Em uma tarde normal de trabalho, a redação do Millenium descobriu Luiz enquanto rondava uma das mil comunidades de Counter-Strike: Global Offensive do Facebook. Seu post, acompanhado da foto de uma sala de aula com diversas crianças jogando CS ao fundo, explicava como o bom comportamento de seus alunos rendeu uma bela recompensa: uma rodada de jogatina ao fim de cada oficina.
Um professor sem preconceitos com jogos de tiro? Crianças que podem ser o futuro do esport? Situações como essa precisam ser valorizadas de perto - principalmente em uma sociedade que ainda acredita nos clichês de que games são violentos ou fazem mal aos jogadores. Por isso, fui até o Centro para Crianças e Adolescentes com o intuito de conhecer a história daqueles jovens e ver, mais uma vez, o Counter-Strike fazer a diferença na vida das pessoas.
O Centro para Crianças e Adolescentes
O CCA tem como objetivo oferecer proteção social à criança e adolescente em situação de vulnerabilidade e risco. Assim, para evitar que os jovens sigam caminhos que levam ao trabalho infantil, tráfico de drogas, violência doméstica ou situações conflitantes, o centro possui um espaço no qual são oferecidas oficinas de informática, dança, artes, entre outras atividades que duram um período de quatro horas.
“Somos vinculados à Secretaria da Assistência Social, então não damos aulas, só oficinas”, explicou Luiz. “Eu sou responsável pelo laboratório de informática e a partir disso minha missão é iniciar eles no tema, porque 90% deles não tem um computador em casa, isso quando possuem um celular. Então eles vem pra cá e eu ensino a usar o Pacote Office, como fazer uma pesquisa direitinho no Google, coisas assim.”
Para os alunos e alunas mais velhos, Luiz dá uma aula extra às quartas-feira, quando acontece um bate papo sobre como funciona o mercado de trabalho e quais são os pré-requisitos mais comuns para conseguir um emprego.
Professor, suporte, técnico
Localizado no Jardim Peri, o CCA é um lugar simples, com diversas salas onde as crianças ficam divididas de acordo com a idade.

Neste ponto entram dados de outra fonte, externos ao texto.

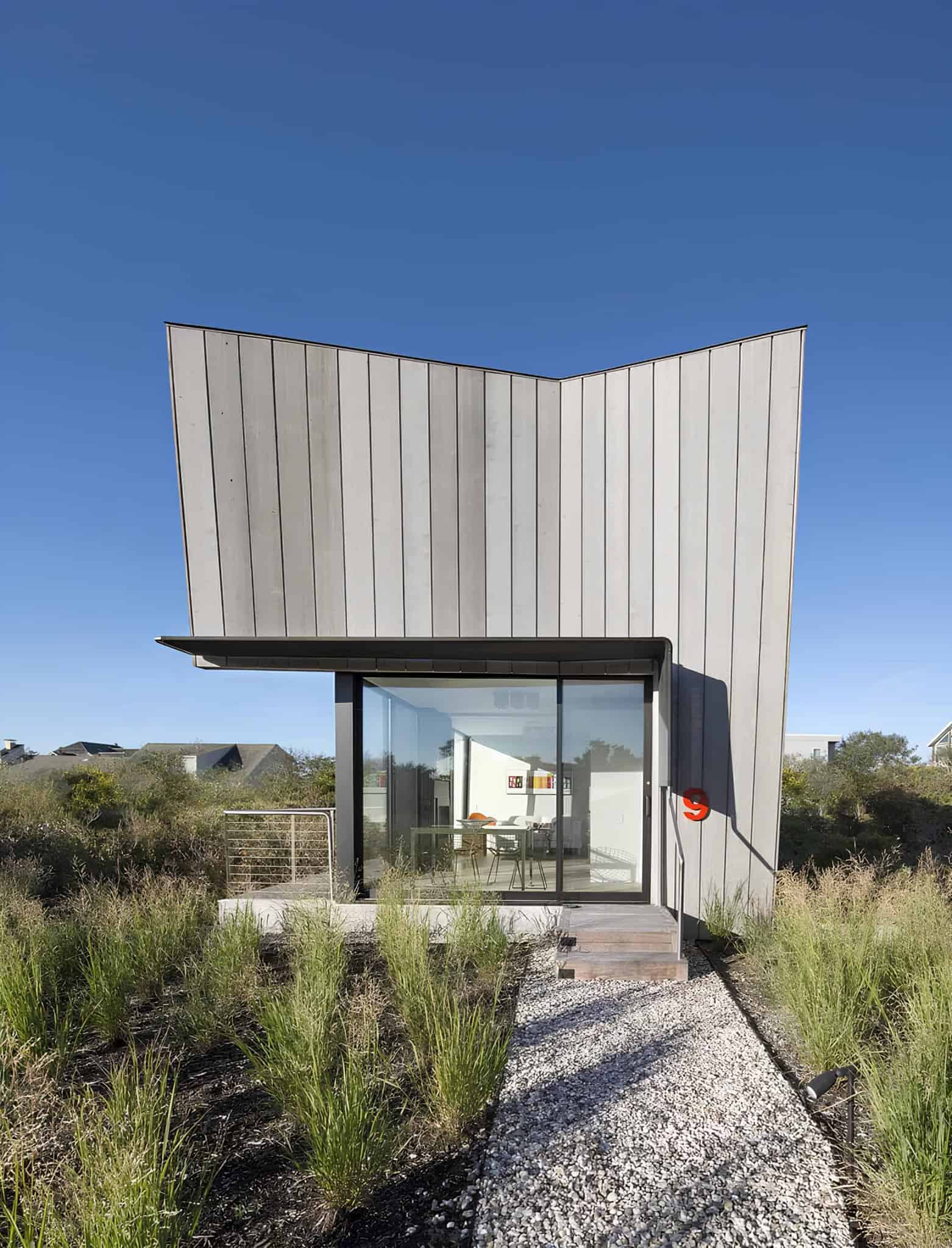 Contemporary modern house with innovative architecture, featuring sleek siding, large glass windows, and designed for a natural landscape setting. The structure embodies minimalism and modern aesthetic appeal.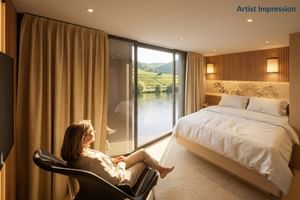 Moderne hut op de MS Veloria met tweepersoonsbed, groot raam met uitzicht op rivier en wijngaarden, vrouw ontspant in stoel. Warme houttinten.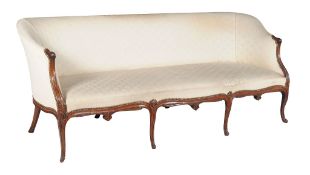 A George III mahogany sofa, circa 1770, in the French Hepplewhite manner , the shaped rectangular
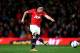 MANCHESTER, ENGLAND - JANUARY 22: Rafael Da Silva of Manchester United misses with his penalty attempt during the Capital One Cup semi final, second leg match between Manchester United and Sunderland at Old Trafford on January 22, 2014 in Manchester, Eng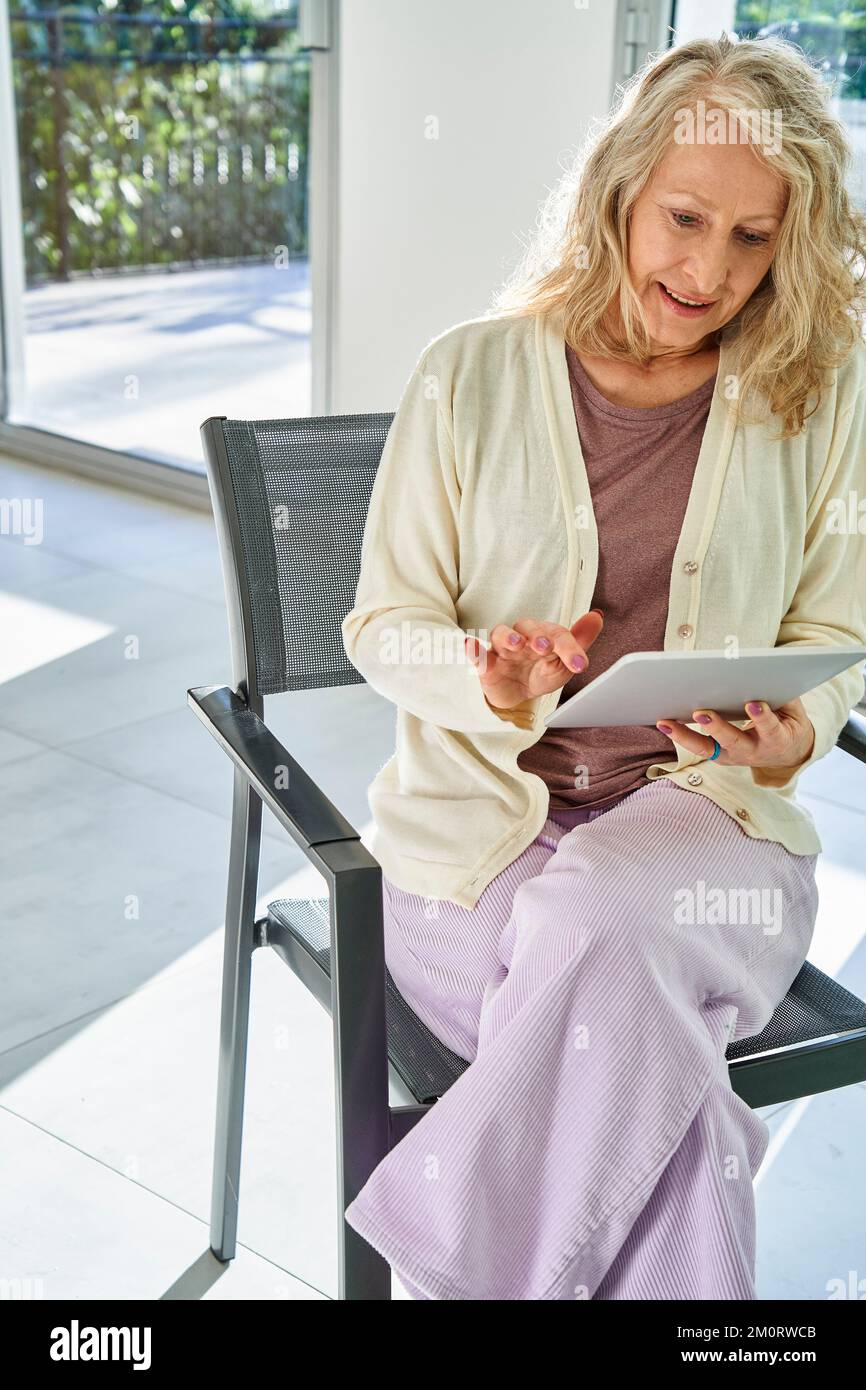 Senior woman using digital tablet while sitting on chair Stock Photo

Em plena quinta-feira a tarde, com diferentes oficinas acontecendo, entrevistei Luiz no refeitório. As pessoas costumam dizer que o horário das refeições é sagrado, e naquele momento eu senti que falar sobre CS também era.
Gesticulando bastante e com um sorriso enorme no rosto, Luiz me contou quem ele era. Formado em engenharia civil e técnico em informática, o orientador começou a trabalhar no CCA em setembro - apenas um mês antes de nossa entrevista - mas pelo jeito como falava das crianças, parecia que aquela relação entre o tutor e os jovens já existia há anos.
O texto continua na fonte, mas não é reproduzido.